After graduation, the six-foot, stocky Fisher worked at an advertising agency that counted book publishers among its accounts. He left the agency in 1932 for employment with G. P. Putnam’s Sons, a publishing company. In 1933 he left Putnam’s to become a graphic designer for Dodd, Mead and Company, another publishing organization, for eighteen dollars a week. Leaving that company in 1943, he described book design as “my first love,” and he continued to work on projects for Dodd, Mead through the subsequent years. He designed, among other works, A History of the English-Speaking Peoples by Sir Winston Churchill (1956) and The American Seasons by Edwin Way Teale (1976). Fisher gave his fees for those projects to charities because he felt that “looking at a beautiful typographical design is like listening to music.”

In 1937 Fisher established his first entrepreneurial organization while continuing to work as a graphic designer.
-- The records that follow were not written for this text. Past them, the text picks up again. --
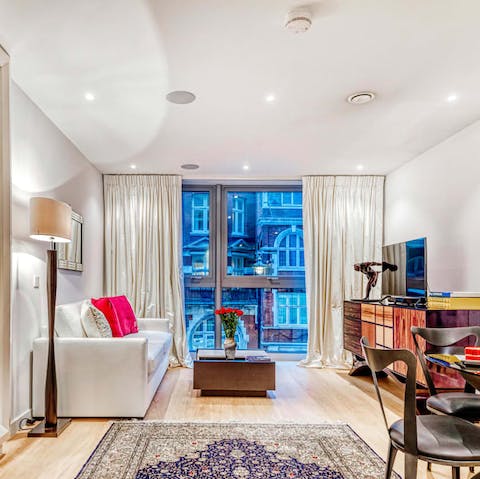 Take in Westminster views from the stylish living room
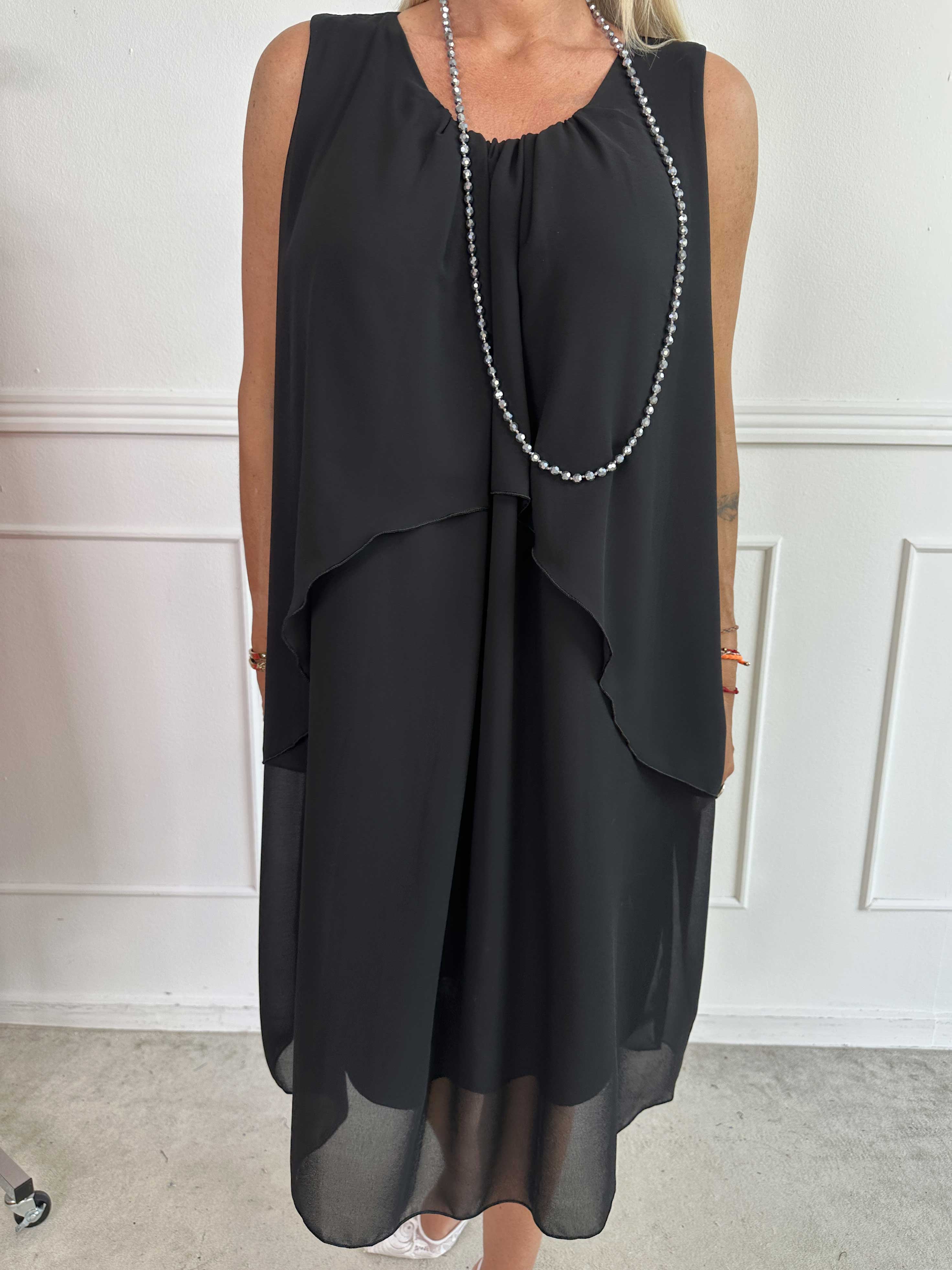 Chanelli - Sød kjole med chiffon flæselag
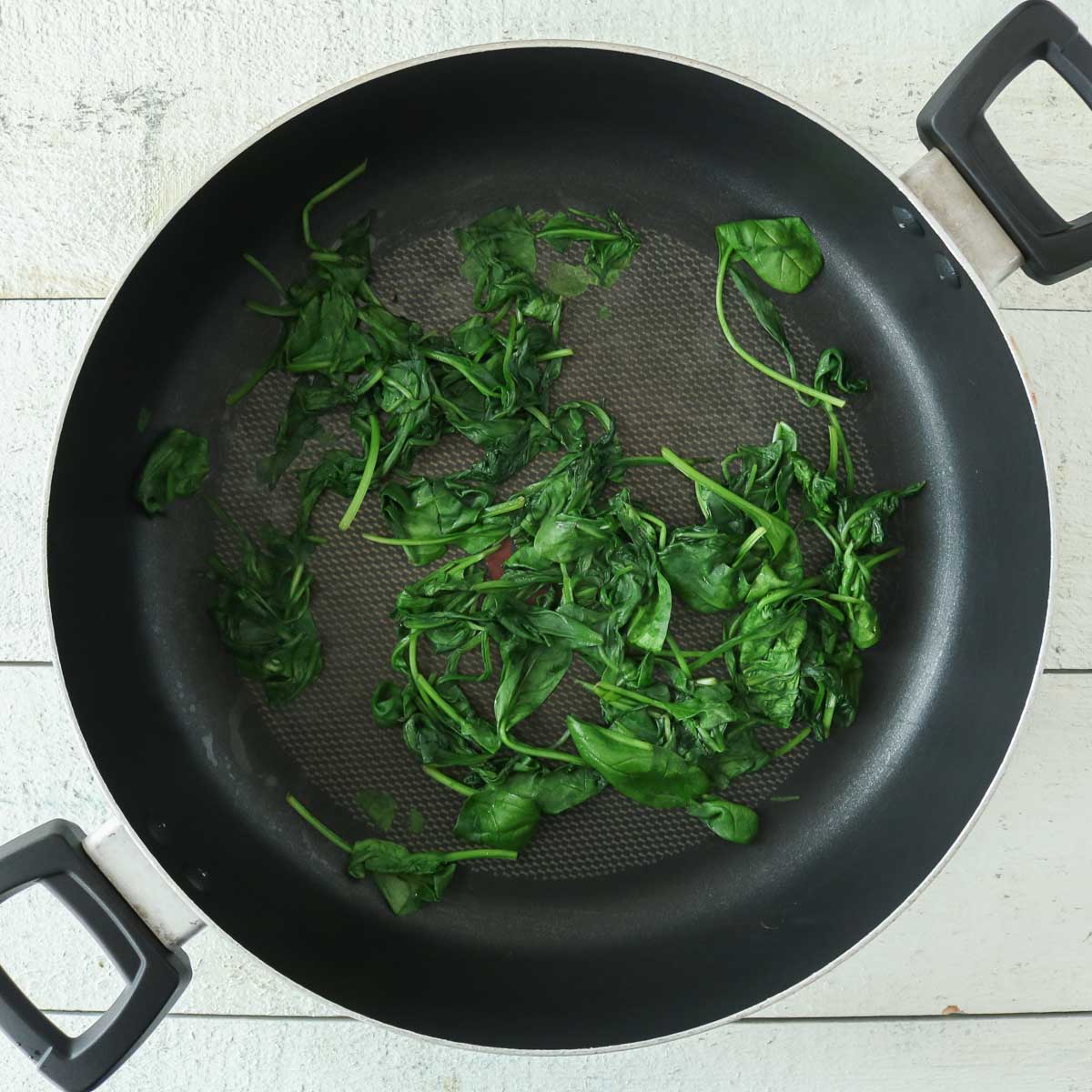Cooked baby spinach in a frying pan.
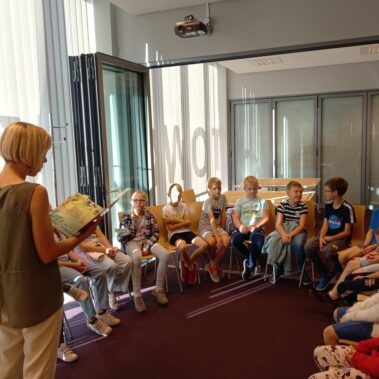 Dzieci siedzą na krzesłach i słuchają głośnego czytania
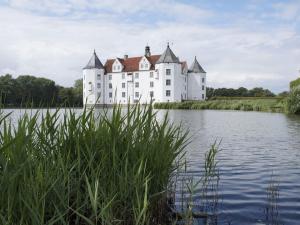 a large white castle sitting on top of a lake at West barn at Mühlendamm in Steinbergkirche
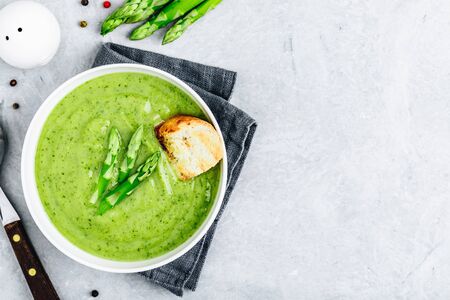 Asparagus cream soup with croutons on gray stone background, top view. Green summer vegetable soup.の写真素材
The Philharmonic Radio Company grew out of his hobby of building radios so he could get better sound than that available with the ready-made models then in use. He made significant improvements in amplifiers, tuners, and speakers. He later remembered that “a number of friends asked me to make for them the kind of equipment I was constructing… and before I knew it I had the beginnings of a business.”

Fisher sold his first company in 1945 and started Fisher Radio the same year. That company entered the high-fidelity market with a line of components at premium prices. Audio fans acclaimed his products as the “Rolls-Royce of sound equipment.” On 8 September 1950 Fisher married Janet Cane; they had three children. Fisher Radio brought out the first transistorized amplifier in 1956 and offered the first stereophonic radio and phonograph combination in 1961. Fisher assembled the engineering staff by hiring the best audio technicians from European companies. “Whenever another company needed an engineer, the first place they came to try to steal somebody was my company. I didn’t blame them. I got my engineers from Europe,” he said.

Fisher was an amateur violinist whose love of music prompted him to build high-quality radios and phonographs. He considered himself a musician who independently manufactured high quality high-fidelity equipment for music connoisseurs. He had become fascinated with music as a child through his father’s large record collection and because everyone in the family played a musical instrument. Among his other amusements, he enjoyed tinkering with old automobiles.

Fisher sold Fisher Radio to Emerson for just under $31 million in 1969, when the audio market began to turn toward mass merchandising. The company was eventually sold to Sanyo of Japan. Fisher became a consultant to both companies and, in spite of having no financial interests, regularly attended the annual sales meetings.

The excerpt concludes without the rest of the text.